# Python Logging

Printing text to screen, in a running program, usually has two purposes:

### Debug statements
Programmers will output values of variables and steps of a program to help them debug errors. This allows them to view the internal state of a program as it runs. As we saw in the _debugger_ notebook, breakpoints are usually more effective in finding bug.

### Logging statements
There are times when you want to record parts of the internal state of a program for posterity. If the program performs in an errant manner (perhaps due to a bug, perhaps due to an error in the environment where the program was run), you want a record of it. 

In [None]:
i_val = 5
j_val = 5

total = 0

for i in range(i_val):
    for j in range(j_val):
        total += i + j
        print("Current values of i, j and total:", i, j, total) # <= This is TOO much detail, don't leave this in the final program

if total > 100: print("ERROR: Values must never exceed 100")
else: print("Program executed normally and the total value is", total)

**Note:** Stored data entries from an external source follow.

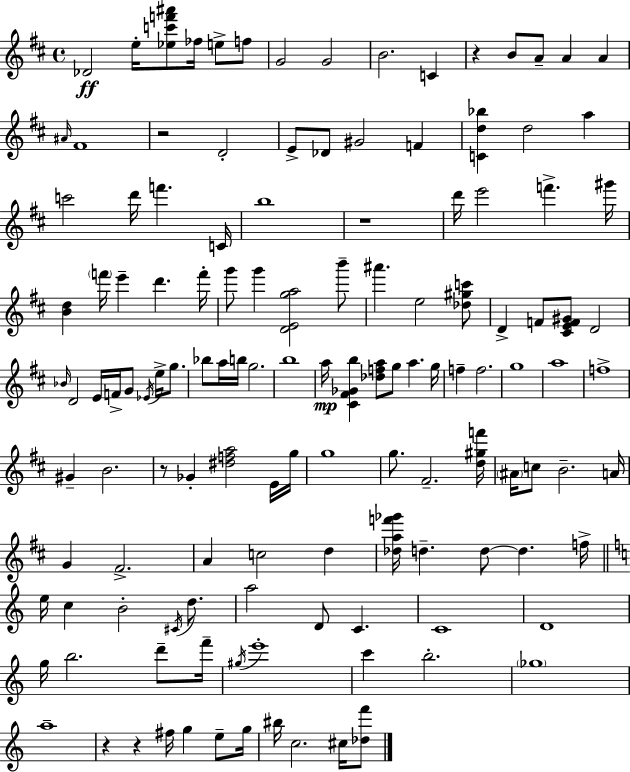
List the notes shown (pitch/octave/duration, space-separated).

Db4/h E5/s [Eb5,C6,F6,A#6]/e FES5/s E5/e F5/e G4/h G4/h B4/h. C4/q R/q B4/e A4/e A4/q A4/q A#4/s F#4/w R/h D4/h E4/e Db4/e G#4/h F4/q [C4,D5,Bb5]/q D5/h A5/q C6/h D6/s F6/q. C4/s B5/w R/w D6/s E6/h F6/q. G#6/s [B4,D5]/q F6/s E6/q D6/q. F6/s G6/e G6/q [D4,E4,G5,A5]/h B6/e A#6/q. E5/h [Db5,G#5,C6]/e D4/q F4/e [C#4,E4,F4,G#4]/e D4/h Bb4/s D4/h E4/s F4/s G4/e Eb4/s E5/s G5/e. Bb5/e A5/s B5/s G5/h. B5/w A5/s [C#4,F#4,Gb4,B5]/q [Db5,F5,A5]/e G5/e A5/q. G5/s F5/q F5/h. G5/w A5/w F5/w G#4/q B4/h. R/e Gb4/q [D#5,F5,A5]/h E4/s G5/s G5/w G5/e. F#4/h. [D5,G#5,F6]/s A#4/s C5/e B4/h. A4/s G4/q F#4/h. A4/q C5/h D5/q [Db5,A5,F6,Gb6]/s D5/q. D5/e D5/q. F5/s E5/s C5/q B4/h C#4/s D5/e. A5/h D4/e C4/q. C4/w D4/w G5/s B5/h. D6/e F6/s G#5/s E6/w C6/q B5/h. Gb5/w A5/w R/q R/q F#5/s G5/q E5/e G5/s BIS5/s C5/h. C#5/s [Db5,F6]/e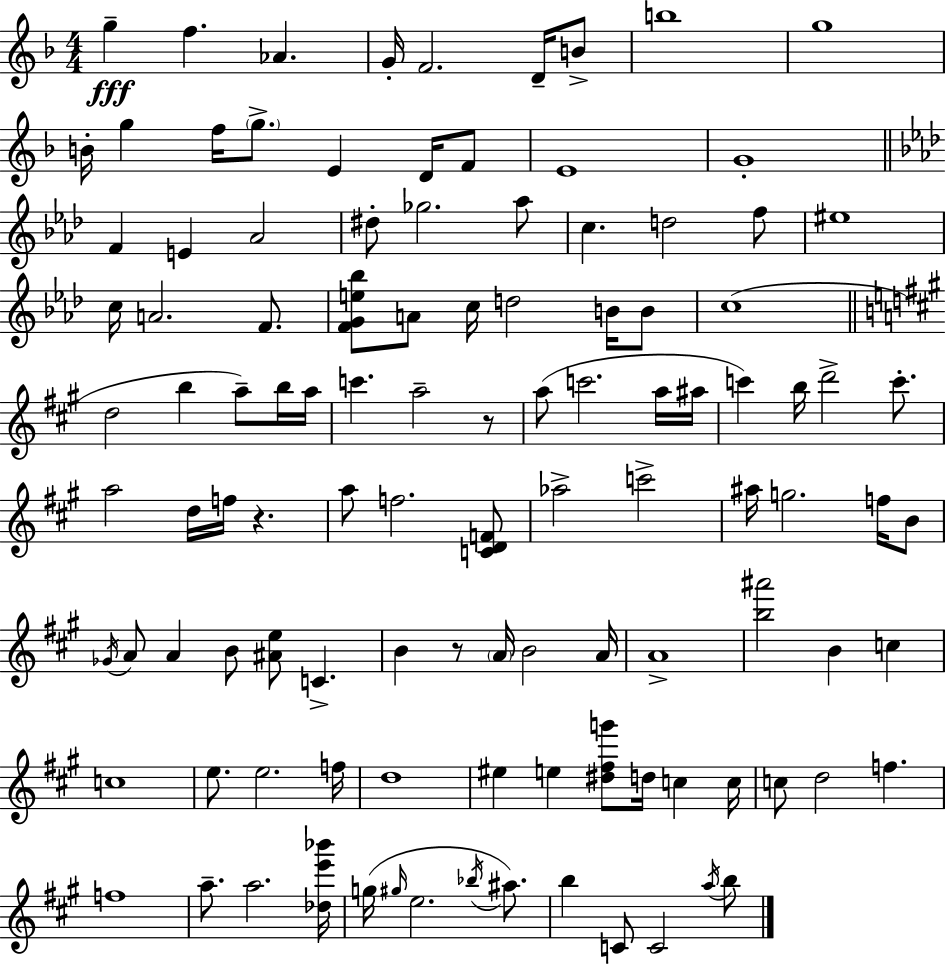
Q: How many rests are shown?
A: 3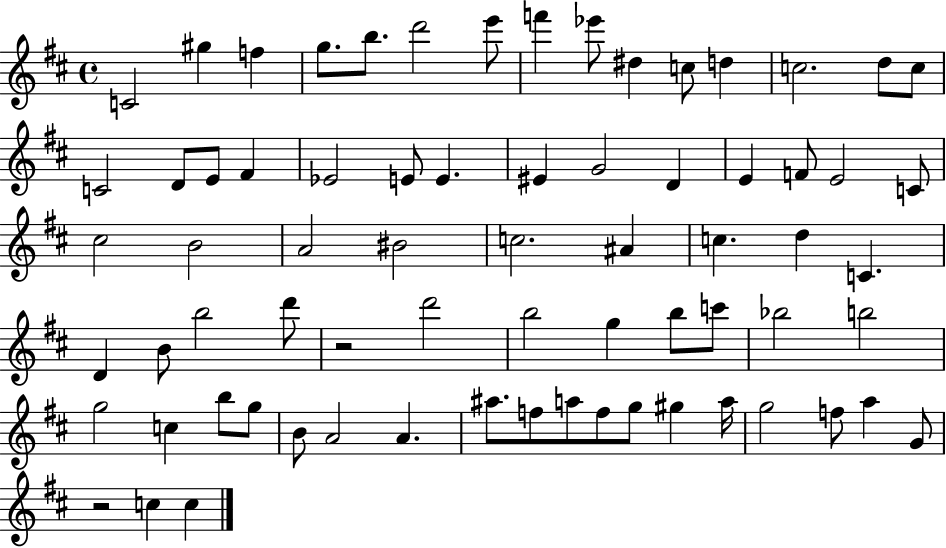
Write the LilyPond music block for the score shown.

{
  \clef treble
  \time 4/4
  \defaultTimeSignature
  \key d \major
  c'2 gis''4 f''4 | g''8. b''8. d'''2 e'''8 | f'''4 ees'''8 dis''4 c''8 d''4 | c''2. d''8 c''8 | \break c'2 d'8 e'8 fis'4 | ees'2 e'8 e'4. | eis'4 g'2 d'4 | e'4 f'8 e'2 c'8 | \break cis''2 b'2 | a'2 bis'2 | c''2. ais'4 | c''4. d''4 c'4. | \break d'4 b'8 b''2 d'''8 | r2 d'''2 | b''2 g''4 b''8 c'''8 | bes''2 b''2 | \break g''2 c''4 b''8 g''8 | b'8 a'2 a'4. | ais''8. f''8 a''8 f''8 g''8 gis''4 a''16 | g''2 f''8 a''4 g'8 | \break r2 c''4 c''4 | \bar "|."
}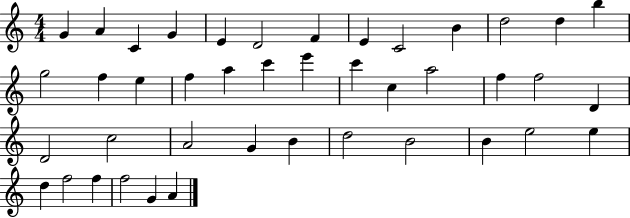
G4/q A4/q C4/q G4/q E4/q D4/h F4/q E4/q C4/h B4/q D5/h D5/q B5/q G5/h F5/q E5/q F5/q A5/q C6/q E6/q C6/q C5/q A5/h F5/q F5/h D4/q D4/h C5/h A4/h G4/q B4/q D5/h B4/h B4/q E5/h E5/q D5/q F5/h F5/q F5/h G4/q A4/q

## Python's built-in logging library

In [None]:
import logging

In [None]:
i_val = 5
j_val = 6

total = 0

for i in range(i_val):
    for j in range(j_val):
        total += i + j
        logging.debug("Current values of i, j and total:", i, j, total) # <= This is TOO much detail, don't leave this in the final program

if total > 100: logging.error("ERROR: Values must never exceed 100")
else: logging.info("Program executed normally and the total value is", total)

logging.info("Program complete")

Python logging library is a very powerful utility, based on Java's _log4j_ library. Logging is often one of the ways professional code is different from student code.

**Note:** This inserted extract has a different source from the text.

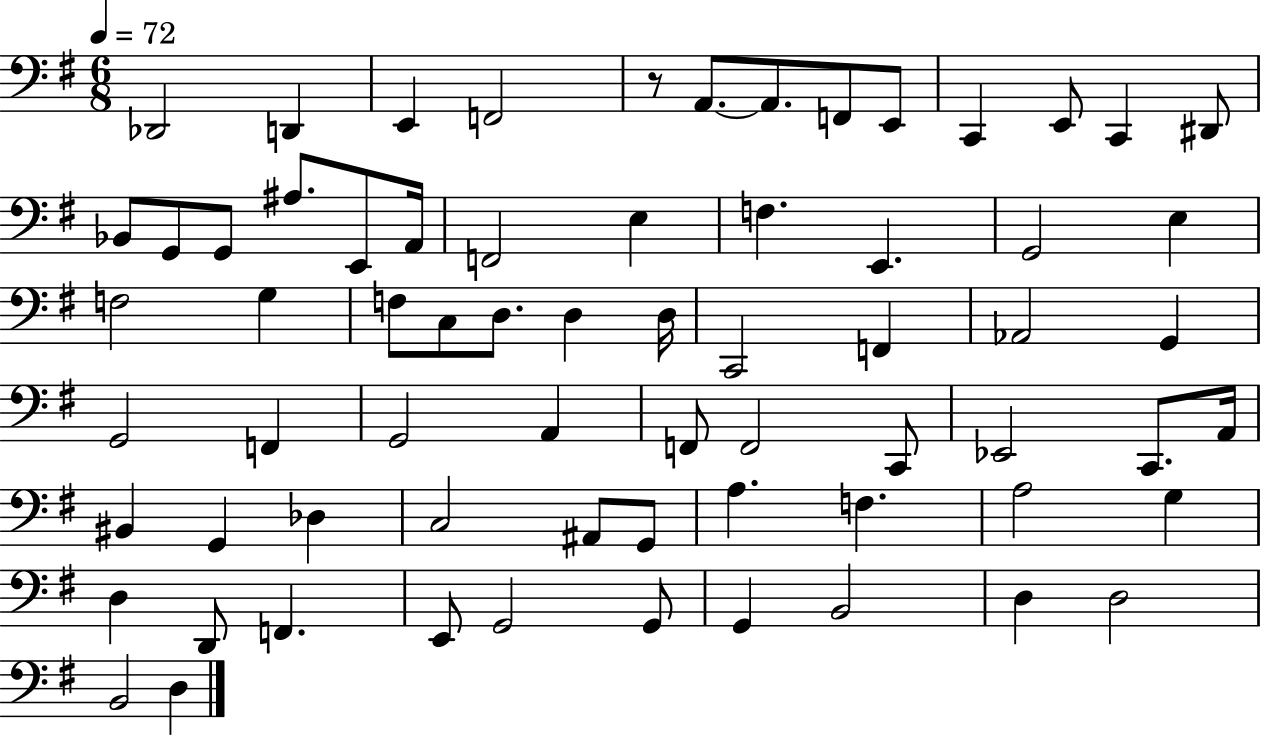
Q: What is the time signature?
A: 6/8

Note that only the `error` message is printed. Python's logging library provides 5 (relevant) logging levels, in order of increasing importance:
* `logging.debug()`
* `logging.info()`
* `logging.warning()` <= Python's default logging level (this, `error` and `critical` are enabled by default)
* `logging.error()`
* `logging.critical()`

The names are self-explanatory. Instead of writing message to the console with a single `print()` statement, you can now segregate them by priority. Under normal conditions, `warning`, `error` and `critical` messages are printed. You can think of their importance as:

* `warning`: Something unexpected has happened, perhaps an unexpected if/else clause was executed or perhaps an unexpected input value was received. This may or may not be a big deal.
* `error`: Something wrong has happened! 
* `critical`: This program is about to go bye bye. 

Note that `critical` is not always used. Often the distinction between `error` and `critical` is not necessary.

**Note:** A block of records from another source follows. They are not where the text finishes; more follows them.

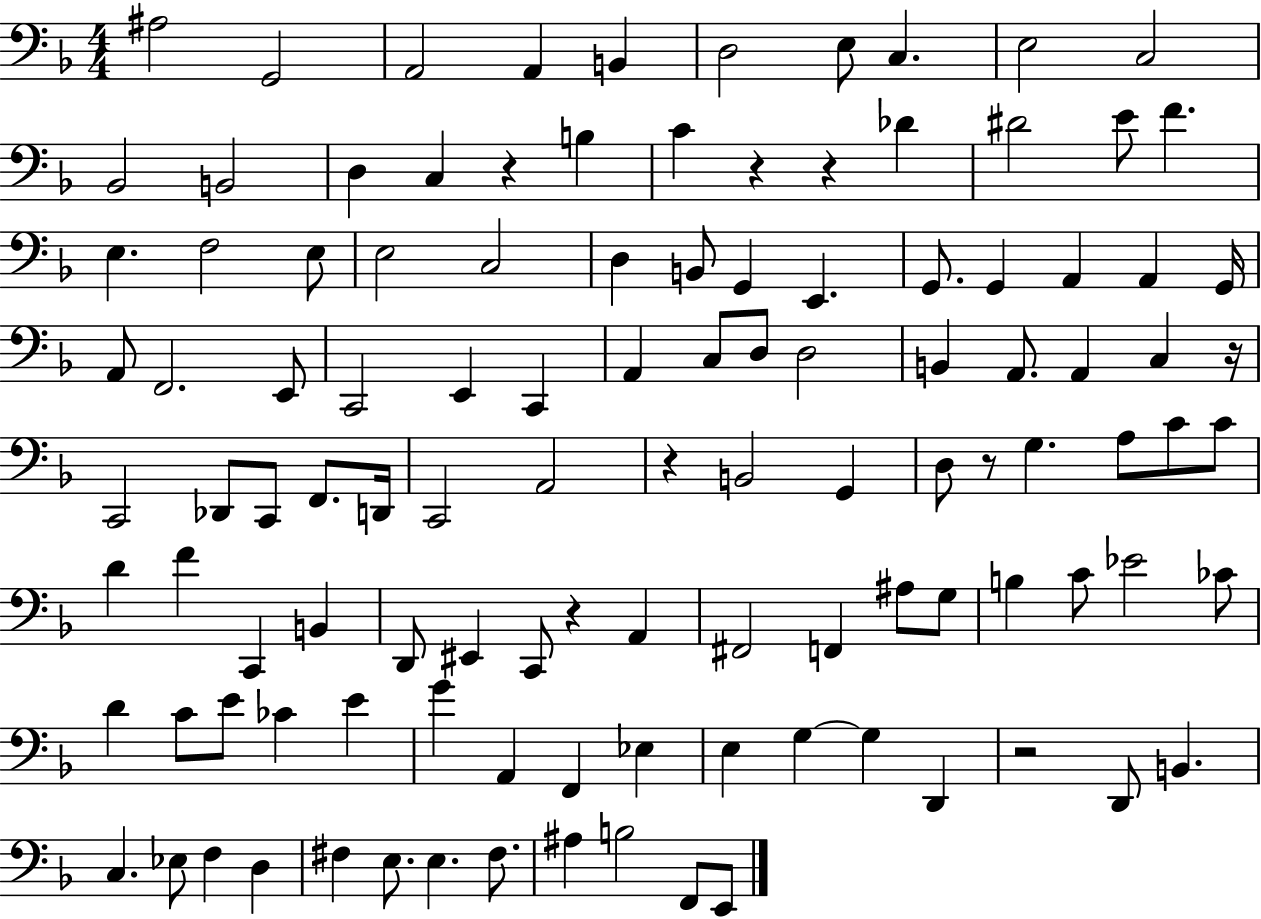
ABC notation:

X:1
T:Untitled
M:4/4
L:1/4
K:F
^A,2 G,,2 A,,2 A,, B,, D,2 E,/2 C, E,2 C,2 _B,,2 B,,2 D, C, z B, C z z _D ^D2 E/2 F E, F,2 E,/2 E,2 C,2 D, B,,/2 G,, E,, G,,/2 G,, A,, A,, G,,/4 A,,/2 F,,2 E,,/2 C,,2 E,, C,, A,, C,/2 D,/2 D,2 B,, A,,/2 A,, C, z/4 C,,2 _D,,/2 C,,/2 F,,/2 D,,/4 C,,2 A,,2 z B,,2 G,, D,/2 z/2 G, A,/2 C/2 C/2 D F C,, B,, D,,/2 ^E,, C,,/2 z A,, ^F,,2 F,, ^A,/2 G,/2 B, C/2 _E2 _C/2 D C/2 E/2 _C E G A,, F,, _E, E, G, G, D,, z2 D,,/2 B,, C, _E,/2 F, D, ^F, E,/2 E, ^F,/2 ^A, B,2 F,,/2 E,,/2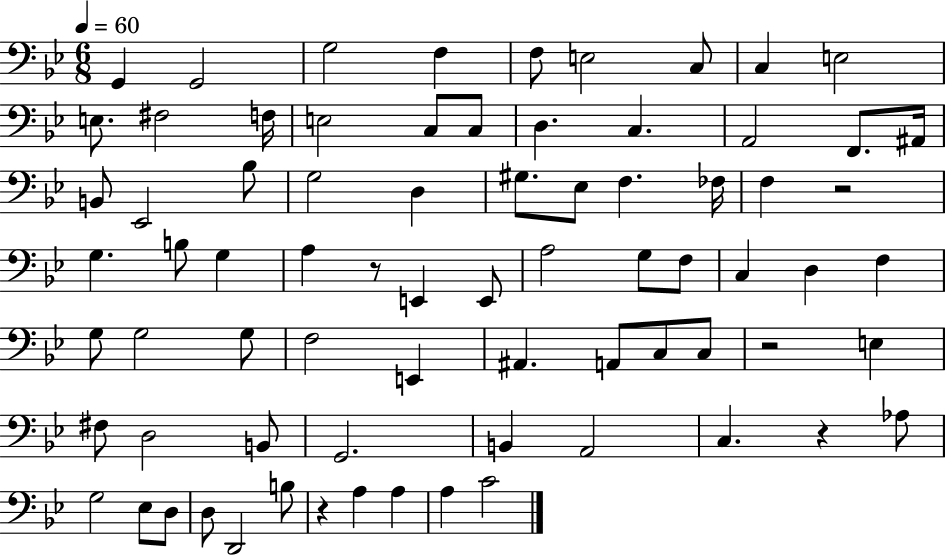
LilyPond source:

{
  \clef bass
  \numericTimeSignature
  \time 6/8
  \key bes \major
  \tempo 4 = 60
  g,4 g,2 | g2 f4 | f8 e2 c8 | c4 e2 | \break e8. fis2 f16 | e2 c8 c8 | d4. c4. | a,2 f,8. ais,16 | \break b,8 ees,2 bes8 | g2 d4 | gis8. ees8 f4. fes16 | f4 r2 | \break g4. b8 g4 | a4 r8 e,4 e,8 | a2 g8 f8 | c4 d4 f4 | \break g8 g2 g8 | f2 e,4 | ais,4. a,8 c8 c8 | r2 e4 | \break fis8 d2 b,8 | g,2. | b,4 a,2 | c4. r4 aes8 | \break g2 ees8 d8 | d8 d,2 b8 | r4 a4 a4 | a4 c'2 | \break \bar "|."
}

Message levels `debug` and `info` are not printed by default. Note that _log4j_'s default was `info`, not warning. In other words, all messages of priority `info` and higher were printed. Python increases the default to `warning`. I do not agree with this decision.

Here is how these two levels are used:
* `debug`: Debug messages generally display values of variables we already know. We don't need to print them. Howver, if a program start acting up, debug logs can be enabled to peek into programs more closely.
* `info`: This is the most common level used by programmers. This is what you want to see as your program is running. This helps to confirm that your program is making progress, responding to client requests, etc.

The `log4j` library provides a priority lower than `debug`, called `trace`. You use `trace` to log far more detail than you would ever need. I tis generally not used, unless the programmer is losign his or her mind trying to track down errors.

#### Please note that for the remainder of this lecture, we will assume that code is being run in a .py file, on the command line. 
Jupyter interferes with Python's logging (there are work=arounds, but add more complexity than we need at this point in the lecture)

You can change the default logging level:

In [None]:
import logging

logging.basicConfig(level=logging.INFO)


def maximum(numbers):
    #pass # pass means "do nothing", add your code here
    max_value = 0
    for num in numbers:
        logging.debug(f"num:{num}, max_value:{max_value}")
        if num > max_value:
            logging.debug("max > max_value branch taken. Setting new max_value")
            max_value = num
    return max_value

def main():
    logging.info("Let us find the maximum value from the following list:")
    list_of_nums = [1,2,3]
    max_value = maximum(list_of_nums)
    logging.info(max_value)

    logging.info("Let us find the maximum value from another list:")
    list_of_nums = [-1, -2, -3]
    max_value = maximum(list_of_nums)
    logging.info(max_value)
    
if __name__ == "__main__":
    logging.warning(f"This program is being run from the command line")
    main()


## Why can't you just do `print("INFO: answering client query XYZ")`?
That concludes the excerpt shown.